It’s accepted that people fuck up (and in most cases that’re relevant to me, I’m the people in question) but if I can reproduce the problem, I can often get the fix in the users’ hands the next day. Generally the positive effects of a quick turnaround and feeling like they matter outweigh the negatives of the problem being there in the first place.
Not to say I don’t have stuff in the “tech debt” bucket, but having the autonomy to just fix the low-hanging fruit makes for a satisfying work environment.
Works for a small company. If everyone in a large company is allowed the same leeway nothing could ever ship - while no one person (except a few incompetent that get fired eventually) makes too many mistakes, the combination of all of them mean the system is always horribly broken.

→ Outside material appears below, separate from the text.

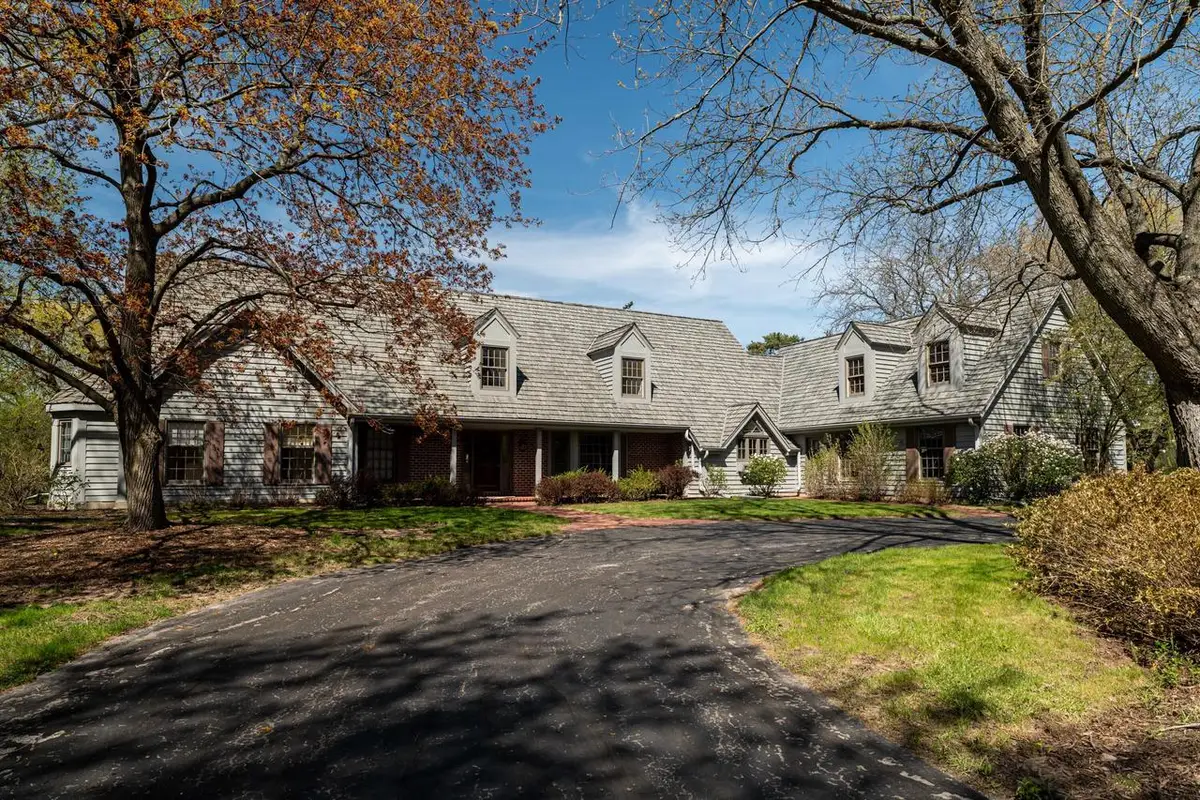 9731 Hilltop LANE, Mequon, WI 53092 - #1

Of course 50% of my job is just getting simple changes though which is annoying - but more than once that process has meant I didn’t break everything.

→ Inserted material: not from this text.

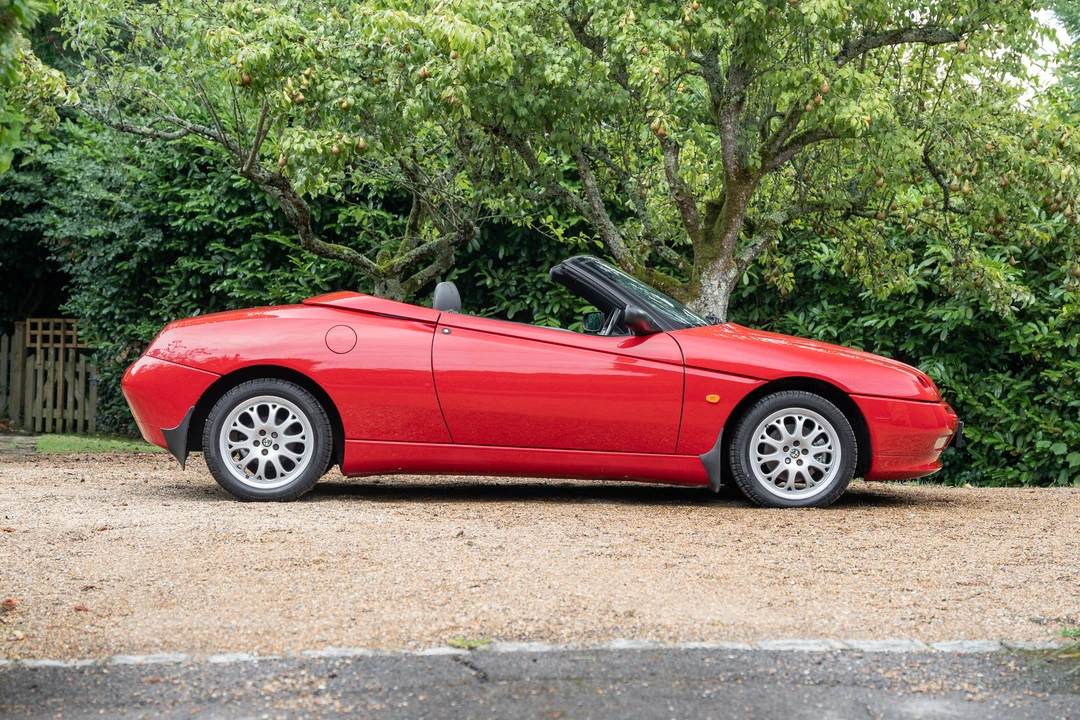 2003 Alfa Romeo 916 GTV & Spider - Image 13 of 31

Works for a small company. If everyone in a large company is allowed the same leeway nothing could ever ship
Oh for sure. I’ve been lucky enough that I’ve only ever worked for places with at most a few hundred employees, so my experiences of larger companies have been at best second-hand — but it was enough to know that I’d never want to work somewhere like that.
I’ve worked for both over the years. Small companies have their own downsides. There is no clear winner. People complain all the time, so if you have never worked at a large company you have no clue what it is really like. Sure there are things not to like, but there are also things to like.
Every company I worked for is like this. I sneak small improvements into daily work. If I call an old function, I’ll often fix it while I’m there. Don’t raise tickets. Don’t ask. Just fix it.
I also have a shelf of a hundred fixes that I never merged. I’ve done the work, but the real hurdle is PR and and testing. It takes days of effort to push code that took an hour to write.
I’ve had whole projects falter because they wouldn’t get tested and a year later it was too much effort to reintegrate into the system which had moved on significantly…
Exactly! I have the same, and sometimes I’ll sneak in some fixes I have pending when I get the time to properly test it (usually in a boring meeting).
If I got a dollar for every bug I’ve submitted that’s in the backlog I’d almost be paid as much as the CEO
How come a small company has more leeway to afford such things like fixing old bugs, than a big one with more money?
No, don’t answer. I know already, that small to medium companies are the better work place.
For the same reason a dolphin moves quicker than a blue whale: the company and software size matters, so decisions can go quicker thru the command chain and the code can be easier to manage.
Maybe large companies shouldn’t create whale software then.